Todo ser humano, si se detiene a mirar su propio fondo, reconocerá la Realidad que le alberga. Una suerte de diafanidad, de claridad, de transparencia a la que sólo tiene acceso quien, no sin dolor, se ha des-ubicado de sí mismo. Hablo de un liberador desalojo previo como condición necesaria para que el “buscador” se haga transparente al Todo que le habita.
En el camino del Zen es frecuente acompañarse de trashumantes, itinerantes, caminantes… buscadores. Todos de algún modo lo somos, sin embargo he descubierto en muchos de ellos y ellas una común característica: la apertura ilimitada del desposeído, que basa en su desnudez el poder de percibir y penetrar la Profundidad del Espíritu que le interpela, que cada instante le insta y le remueve hasta hacerse transparente. El amoroso apremio de un dios tsunami (lo sin nombre) ahuecándose en ternura. Tengo la certeza de que la experiencia del Ser es fundamentalmente una experiencia unificante y fundamentalmente amorosa.
Hacerse obertura, apertura, desnudez. Des-centrarse. Ser receptáculo vacío para que, sin límites, lo ilimitado pueda manifestarse hacia el mundo. Y desde esa hondura del ser humano Disponible, Nadie, huérfano de narcisismo.

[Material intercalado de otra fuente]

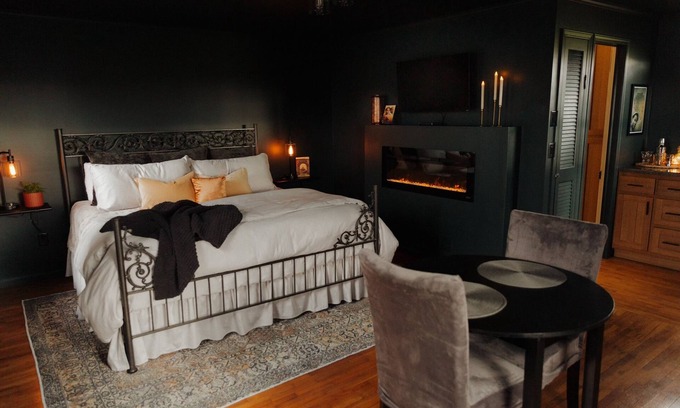 Sulphur Springs Apartment | Romantic Getaway for Shawshank Fans with Breakfast & Kitchen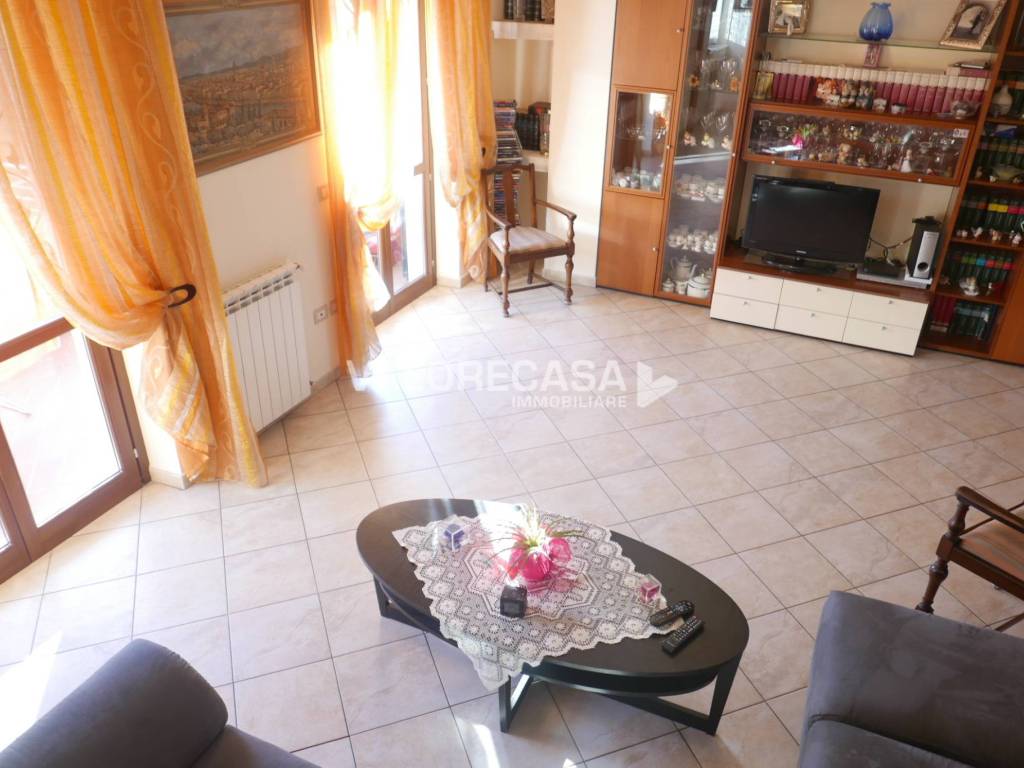 appartamento in vendita a Carrara in zona Avenza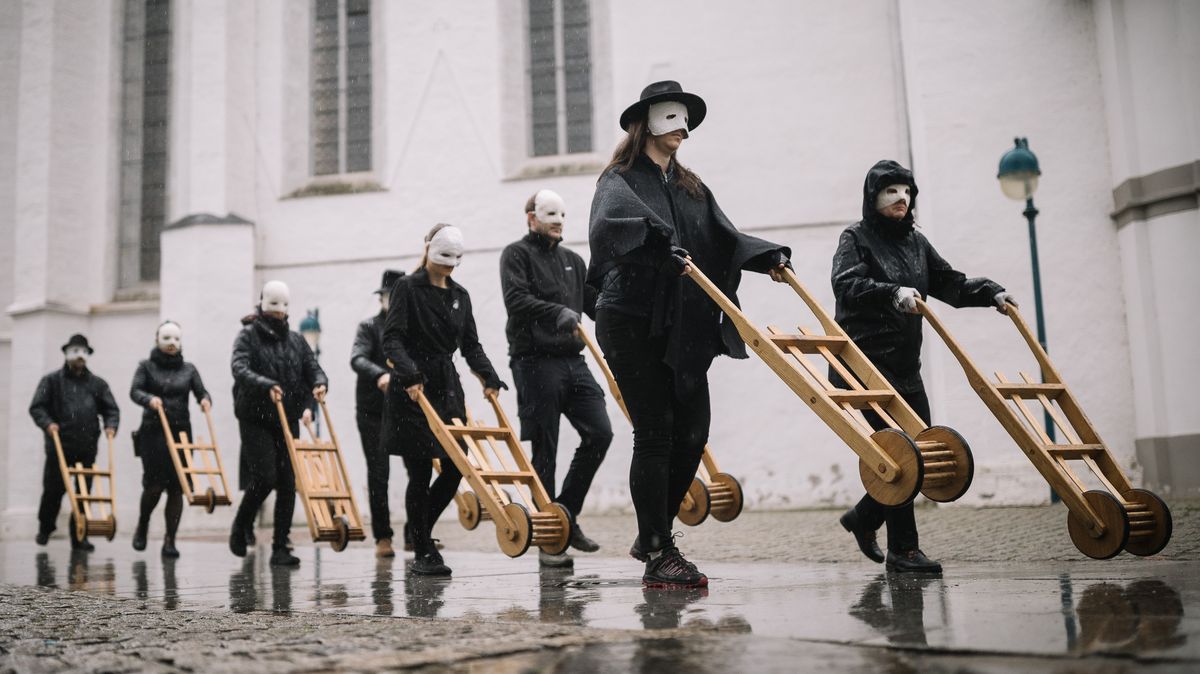 Obrazy z velikonočního hrkání: masky, bubny i vojáci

Transformarse en hendidura por donde se filtra ese torrente de luz incontenible por escuelas, normas, rituales y leyes que intentan limitar el amoroso desbordamiento de lo ilimitado, que no sabe de fronteras.
Nuestro lugar es la altura y la bajura, la cúspide y la base; ser hermano de pies a cabeza, sin que nadie quede excluido –ni los excluyentes- de esa fraternidad que interpela el alma en cada instante.
Vaciarse es capacitarse, hacerse disponible para acceder a la catarata que brota de la incontenible torrentera. Una disposición previa, y muy urgente para poder orientar y ayudar a orientarse a un mundo desorientado.